The Securities and Exchange Commission (SEC) voted 4-to-1 on April 18, 2018 to release a new regulation that would revise agency standards for brokers and investment advisors. The proposed rule package, called Regulation Best Interest, was opened for a 90-day public comment period.
This is the latest step in a historical attempt to improve safeguards for investors. Previously, the U.S. Dept. of Labor established a requirement that held brokers, agents and advisors to the higher fiduciary standard when advising clients on retirement investments.
Please note that Investopedia refers to investment professionals with a strict fiduciary responsibility who advise clients and/or manage their financial assets as “advisers.” We refer to investment professionals who follow the suitability standard as “advisors.”
Before the fiduciary rule, brokers were only held to the “suitability standard.” This meant that when brokers advised their clients, they only had to recommend investments that were suitable, but not necessarily in their clients' best interest.
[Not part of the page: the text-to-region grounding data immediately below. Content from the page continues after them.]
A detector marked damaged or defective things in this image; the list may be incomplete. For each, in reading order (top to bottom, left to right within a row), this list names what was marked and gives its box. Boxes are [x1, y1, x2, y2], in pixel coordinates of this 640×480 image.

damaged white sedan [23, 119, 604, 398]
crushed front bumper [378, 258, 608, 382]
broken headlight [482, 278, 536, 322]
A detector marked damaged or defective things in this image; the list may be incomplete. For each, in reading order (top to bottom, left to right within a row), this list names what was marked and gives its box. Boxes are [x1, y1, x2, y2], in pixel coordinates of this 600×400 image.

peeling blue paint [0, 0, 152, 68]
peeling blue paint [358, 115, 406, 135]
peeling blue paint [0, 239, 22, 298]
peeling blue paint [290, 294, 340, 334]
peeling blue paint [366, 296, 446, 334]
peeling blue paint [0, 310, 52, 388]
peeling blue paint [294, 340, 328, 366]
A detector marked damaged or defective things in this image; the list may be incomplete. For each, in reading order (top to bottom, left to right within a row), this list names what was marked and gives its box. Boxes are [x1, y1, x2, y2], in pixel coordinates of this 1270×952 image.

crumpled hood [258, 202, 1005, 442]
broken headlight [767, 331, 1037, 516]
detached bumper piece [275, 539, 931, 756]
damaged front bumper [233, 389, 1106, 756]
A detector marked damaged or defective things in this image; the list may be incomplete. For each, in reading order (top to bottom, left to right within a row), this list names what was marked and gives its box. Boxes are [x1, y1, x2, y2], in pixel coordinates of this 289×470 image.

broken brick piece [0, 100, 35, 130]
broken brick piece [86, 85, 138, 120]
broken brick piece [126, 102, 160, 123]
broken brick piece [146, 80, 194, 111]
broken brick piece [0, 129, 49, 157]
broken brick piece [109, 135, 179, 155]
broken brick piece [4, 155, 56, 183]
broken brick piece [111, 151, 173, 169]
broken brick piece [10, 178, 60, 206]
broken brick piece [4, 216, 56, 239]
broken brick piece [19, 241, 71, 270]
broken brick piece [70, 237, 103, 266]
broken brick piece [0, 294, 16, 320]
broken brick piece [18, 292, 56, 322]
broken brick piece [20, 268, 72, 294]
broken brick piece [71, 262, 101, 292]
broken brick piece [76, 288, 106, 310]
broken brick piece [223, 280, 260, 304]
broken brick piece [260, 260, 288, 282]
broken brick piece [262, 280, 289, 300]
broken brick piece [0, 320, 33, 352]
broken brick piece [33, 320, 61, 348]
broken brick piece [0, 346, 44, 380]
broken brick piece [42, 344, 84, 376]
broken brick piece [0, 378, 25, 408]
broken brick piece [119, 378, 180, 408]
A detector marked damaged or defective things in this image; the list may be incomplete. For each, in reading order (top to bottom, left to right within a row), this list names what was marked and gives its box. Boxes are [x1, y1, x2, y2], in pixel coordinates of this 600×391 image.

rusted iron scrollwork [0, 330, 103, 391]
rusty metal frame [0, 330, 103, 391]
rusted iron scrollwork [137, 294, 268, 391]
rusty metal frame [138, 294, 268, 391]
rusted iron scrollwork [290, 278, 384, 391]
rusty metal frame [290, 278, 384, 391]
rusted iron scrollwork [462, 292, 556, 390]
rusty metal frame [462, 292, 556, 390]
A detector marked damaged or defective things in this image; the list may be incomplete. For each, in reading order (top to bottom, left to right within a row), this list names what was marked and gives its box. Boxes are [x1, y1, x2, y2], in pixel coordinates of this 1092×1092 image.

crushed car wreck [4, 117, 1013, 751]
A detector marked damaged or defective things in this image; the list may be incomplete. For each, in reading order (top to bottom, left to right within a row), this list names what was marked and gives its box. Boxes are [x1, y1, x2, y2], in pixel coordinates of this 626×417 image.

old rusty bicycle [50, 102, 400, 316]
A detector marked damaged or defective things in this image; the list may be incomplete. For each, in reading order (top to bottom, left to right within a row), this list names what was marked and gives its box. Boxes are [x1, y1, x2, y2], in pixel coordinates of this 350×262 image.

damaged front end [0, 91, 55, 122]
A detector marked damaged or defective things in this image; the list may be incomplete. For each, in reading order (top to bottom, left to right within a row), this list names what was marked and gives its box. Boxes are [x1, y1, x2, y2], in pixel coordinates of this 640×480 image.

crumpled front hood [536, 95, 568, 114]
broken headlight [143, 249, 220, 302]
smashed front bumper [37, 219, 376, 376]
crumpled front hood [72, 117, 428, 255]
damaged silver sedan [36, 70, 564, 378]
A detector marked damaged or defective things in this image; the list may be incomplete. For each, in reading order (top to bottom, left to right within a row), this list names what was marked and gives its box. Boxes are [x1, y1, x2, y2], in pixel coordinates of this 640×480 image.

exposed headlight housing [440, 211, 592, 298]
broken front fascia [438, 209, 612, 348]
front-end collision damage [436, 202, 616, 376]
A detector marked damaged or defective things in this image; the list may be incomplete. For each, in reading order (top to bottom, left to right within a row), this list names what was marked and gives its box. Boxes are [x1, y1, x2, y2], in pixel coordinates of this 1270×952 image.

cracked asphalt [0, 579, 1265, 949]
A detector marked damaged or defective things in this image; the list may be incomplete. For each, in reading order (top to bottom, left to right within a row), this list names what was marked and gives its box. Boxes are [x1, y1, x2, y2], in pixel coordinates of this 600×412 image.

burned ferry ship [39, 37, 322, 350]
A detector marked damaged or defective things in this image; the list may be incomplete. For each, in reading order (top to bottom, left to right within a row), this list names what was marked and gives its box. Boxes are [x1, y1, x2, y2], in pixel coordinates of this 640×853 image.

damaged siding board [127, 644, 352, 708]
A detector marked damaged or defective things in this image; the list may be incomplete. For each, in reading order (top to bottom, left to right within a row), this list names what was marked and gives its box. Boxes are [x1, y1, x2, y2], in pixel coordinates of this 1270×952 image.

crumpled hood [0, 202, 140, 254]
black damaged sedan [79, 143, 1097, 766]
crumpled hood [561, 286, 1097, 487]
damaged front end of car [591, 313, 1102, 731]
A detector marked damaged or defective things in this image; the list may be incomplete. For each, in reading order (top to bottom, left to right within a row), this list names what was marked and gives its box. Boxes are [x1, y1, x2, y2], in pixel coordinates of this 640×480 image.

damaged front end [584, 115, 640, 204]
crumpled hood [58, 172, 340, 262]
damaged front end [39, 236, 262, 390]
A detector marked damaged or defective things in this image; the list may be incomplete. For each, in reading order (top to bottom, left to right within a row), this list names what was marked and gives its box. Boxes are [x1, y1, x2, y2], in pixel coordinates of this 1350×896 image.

Brokers could recommend expensive investments that paid them a higher commission as long as they were considered suitable.
The SEC had been called on to act on the fiduciary issue, and both the previous chair, Mary Jo White, and the current one, Jay Clayton, had indicated interest in reform. When the Department of Labor’s fiduciary requirement was struck down by a federal appeals court panel in March, the need for reform was heightened.
According to experts, initial readings of the 1,000 page Best Interest Regulation suggest that it is less strict than the Labor Department’s. In one sense, however, it’s broader because the regulation is not limited to retirement investments.
The SEC Proposal
The proposal is divided into three parts. According to the SEC:
- Broker-dealers would be required to “act in the best interest” of their retail customers when making investment recommendations.
- The “fiduciary duty that investment advisors owe to their clients” would be clarified.
- Investment professionals would be required to provide a new short-form disclosure document, called a customer or client relationship summary (Form CRS), that reveals “the scope and terms of the relationship.” In addition, broker-dealers would be banned from using “advisor” with their name or as a title. This would uphold the current higher standard of conduct for investment advisers compared to broker-dealers.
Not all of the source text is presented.